The equations
x+ ky + 2z =0
x + (2k-1)y + 3z =0
x + ky + (k+3)z = 2k-1
Find the values of k such that
a) the system has a unique solution
b) the system has no solutions
c) the system has infinitely many solutions
Thanks
To find the values of k that satisfy each scenario, we need to consider the determinant of the coefficient matrix. The coefficient matrix for this system is:
| 1 k 2 |
| 1 2k-1 3 |
| 1 k k+3 |
Let's go through each scenario and explain the process to determine the values of k:
a) To have a unique solution, the determinant of the coefficient matrix must be non-zero. So, we need to calculate the determinant of the matrix and identify the values of k that make it non-zero. If the determinant is non-zero, the system will have a unique solution.
b) To have no solutions, the determinant of the coefficient matrix must be zero, and the system must be inconsistent. We'll calculate the determinant and look for the values of k that make it equal to zero. If the determinant is zero, it implies that the system has no solutions.
c) To have infinitely many solutions, the determinant of the coefficient matrix must be zero, and there should be dependent equations in the system. We'll calculate the determinant and check if it's zero and if there are any dependent equations. If the determinant is zero and there are dependent equations, it indicates that the system has infinitely many solutions.
Let's calculate the determinant of the coefficient matrix and analyze the values of k for each scenario:
a) Unique Solution:
For a unique solution, the determinant of the coefficient matrix must be non-zero:
Determinant = (1)((2k-1)(k+3) - (k)((2k-1)(1)) - (2)((k)(k+3))
= (2k^2 + k - 3 - 2k^2 + k + 1 - 2k^2 - 2k)
= k - 2
For the system to have a unique solution, we need k ≠ 2.
b) No Solution:
For no solution, the determinant of the coefficient matrix must be zero:
Determinant = (1)((2k-1)(k+3) - (k)((2k-1)(1)) - (2)((k)(k+3))

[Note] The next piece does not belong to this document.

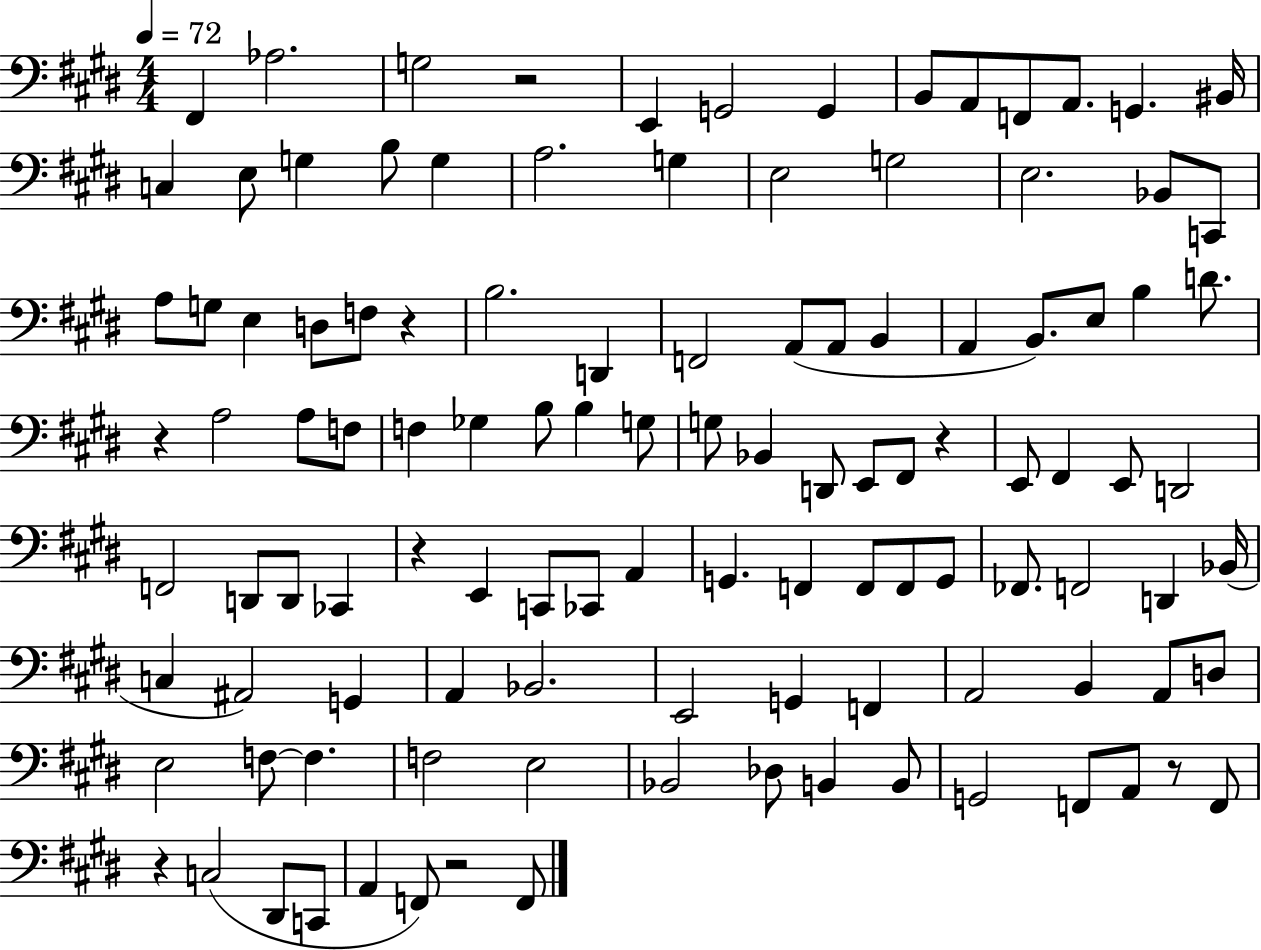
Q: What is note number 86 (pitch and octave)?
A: D3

= (2k^2 + k - 3 - 2k^2 + k + 1 - 2k^2 - 2k)
= k - 2
For the system to have no solution, we require k = 2.
c) Infinitely Many Solutions:
For infinitely many solutions, the determinant of the coefficient matrix must be zero and there should be dependent equations:
Determinant = (1)((2k-1)(k+3) - (k)((2k-1)(1)) - (2)((k)(k+3))
= (2k^2 + k - 3 - 2k^2 + k + 1 - 2k^2 - 2k)
= k - 2
For the system to have infinitely many solutions, we need k = 2.
To summarize:
a) The system has a unique solution when k ≠ 2.
b) The system has no solution when k = 2.
c) The system has infinitely many solutions when k = 2.
These are the values of k that satisfy each scenario.